Impact of quantum-chemical metrics on the machine learning prediction of electron density.

Machine learning (ML) algorithms are currently spreading to almost every aspect of computational chemistry, and to obtain reliable results it is important to maintain the balance between the intrinsic black-box nature of ML frameworks and physical assumptions about the properties of the system under study. One of the most appealing quantum-chemical properties for the regression models is the electron density, and recently some of us have proposed a transferable and scalable machine learning model based on decomposition of the density field onto an atom-centered basis set. The decomposition, as well as the training of the model, is at its core a minimization of some quadratic loss function, which can be arbitrarily chosen and may lead to results of different quality. Well-studied in context of density fitting (DF) within the density functional theory, the impact of this choice on the performance of machine learning models has not been analyzed yet. In this work, we used the overlap and the Coulomb repulsion metrics in both -- decomposition and training -- roles and compared the electrostatic potential and dipole moments predicted by these four models. As expected, the Coulomb metric used as both the DF and ML loss function leads to the best results.

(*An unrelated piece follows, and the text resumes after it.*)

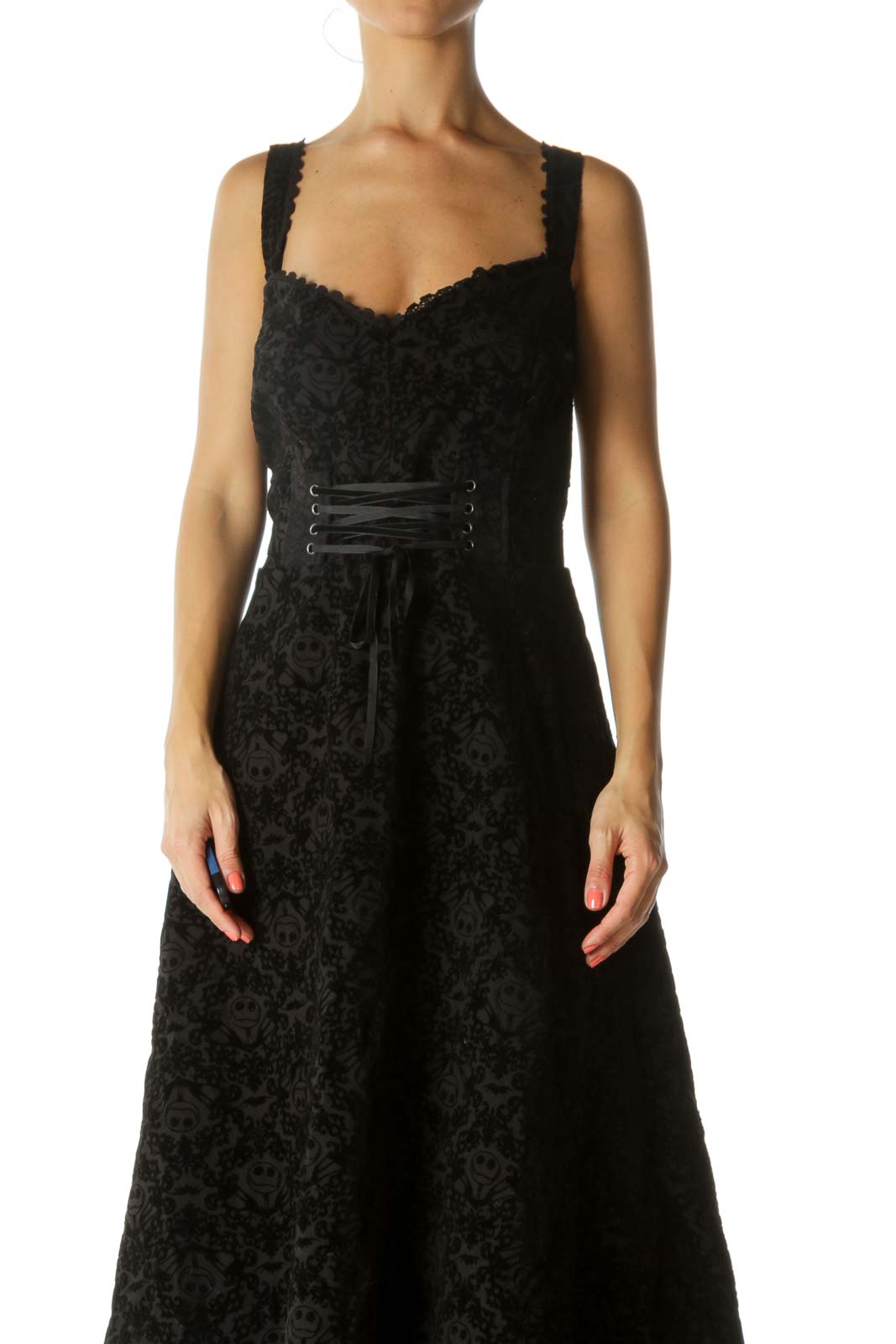 Black Movie Character Velvet Jacquard Front-Lace-Up Tulle Textured Stretch Dress Front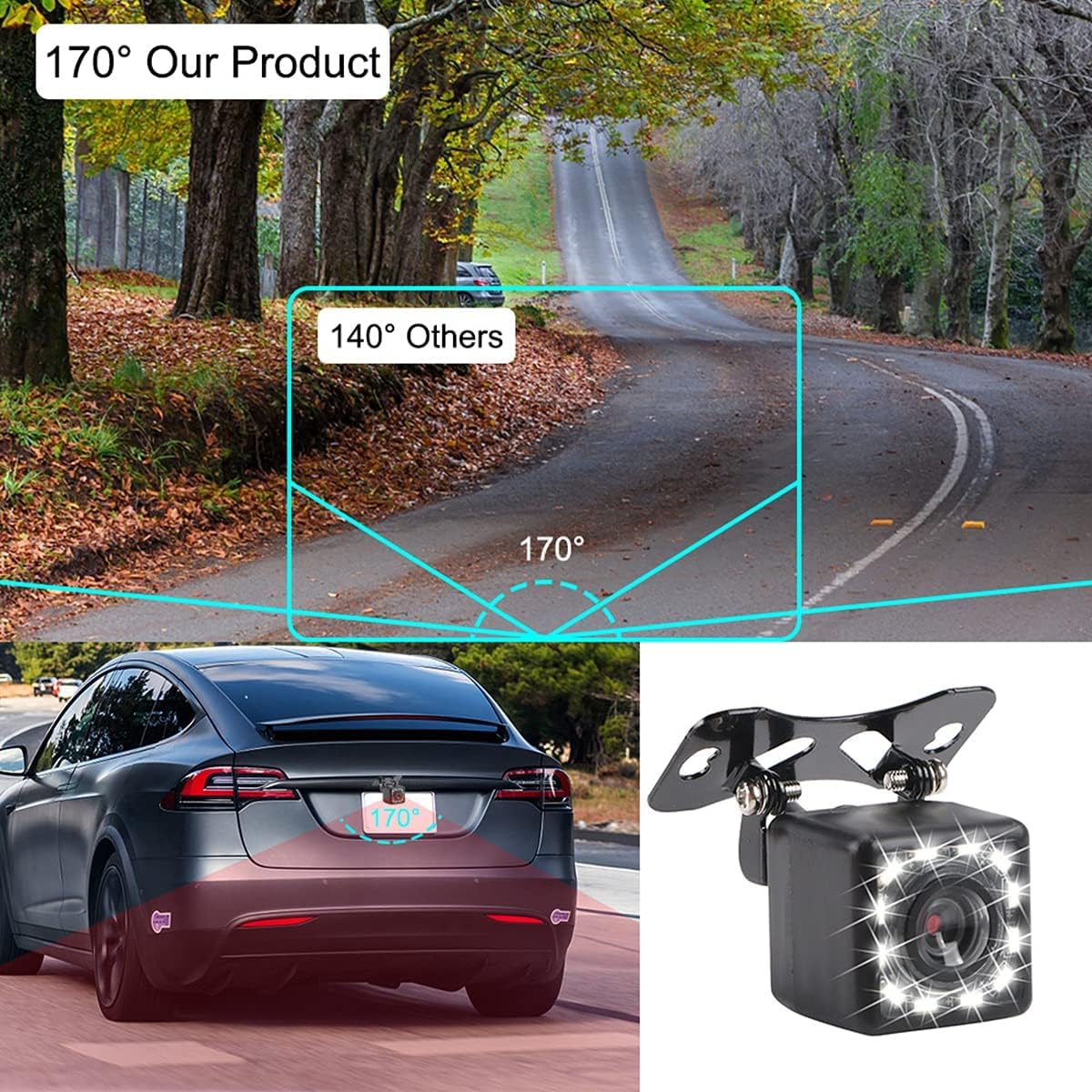 Wireless Backup Camera 4.3 Inch FHD 1080P Waterproof Reversing Camera Pack of 2 U395882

The main source of this difference is the fact that the model is not constrained to predict densities which integrates to the exact number of electrons $N$, and the Coulomb metric tends to yield more accurate $N$. Since an \textit{a posteriori} correction of the number of electrons decreases the errors, we proposed a modification of the model where $N$ is included directly into the ML kernel function, which allowed to decrease noticeably the errors on the test and out-of-sample sets.